Right now we keep them forever, and we shouldn't.
Description
Details
Subject | Repo | Branch | Lines +/- | |
---|---|---|---|---|
cleanup misc dumps that aren't stored in per-date urls | operations/puppet | production | +12 -4 |
Event Timeline
This is blocked until Legoktm can archive url counts from the older dumps, for some stats he generates.
Everything is done on my side for https://shorturls.toolforge.org/. Still waiting to hear how long https://github.com/Hydriz/Balchivist/issues/8 is expected to take...if it's going to be a while I'll set up a manual cronjob in the meantime.
The actual system will take a while but let me try to manually get the old files uploaded first, which should take about 2-3 weeks. Approximately how many old copies of this dump will we be keeping, if we are not keeping all of them here?
Unsure, and it may vary over time. I'm going to arbitrarily say 20 for now, that seems like a lot.
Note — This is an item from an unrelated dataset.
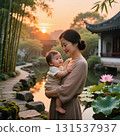 smiling asian woman holds a happy baby in her arms as they stand in a serene garden at sunset. Bamboo trees frame the scene with a traditional house in the background and a lotus flower by the pond. 131537937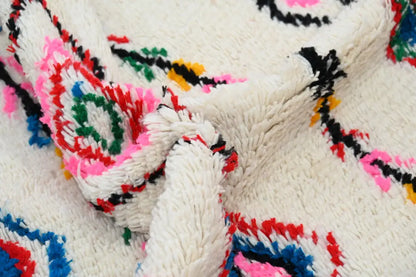 A decorbites™ handmade moroccan azilal rug in off-white natural wool with vibrant geometric patterns in multiple colors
Just an update that I have got the files archived to the Internet Archive: https://archive.org/search.php?query=subject%3A%22shorturls%22%20AND%20subject%3A%22wikimedia%22
Next step for me is to probably get a cronjob running, but I will be mainly focusing on getting the new system up since it is designed for such cases.
@ArielGlenn You can go ahead to keep the latest 20 dumps (or less, depending on your requirements).
Funnily enough we are already configured to keep only 7 shorturl dumps, so it is just "lucky" that the script did not work for the specific directory layout. I'll fix that now though :-)
Change 619571 had a related patch set uploaded (by ArielGlenn; owner: ArielGlenn):
[operations/puppet@production] cleanup misc dumps that aren't stored in per-date urls
Change 619571 merged by ArielGlenn:
[operations/puppet@production] cleanup misc dumps that aren't stored in per-date urls
The above patch is now deployed; I'll check tomorrow to make sure that the older files are actually cleaned up on the labstore hosts before closing the task.
To-morrow, and to-morrow, and to-morrow,
Creeps in this petty pace from day to day,
with nothing to remind me that I should check those files or close this bug.
So, almost a month later... yep the files are cleaned up, closing this task!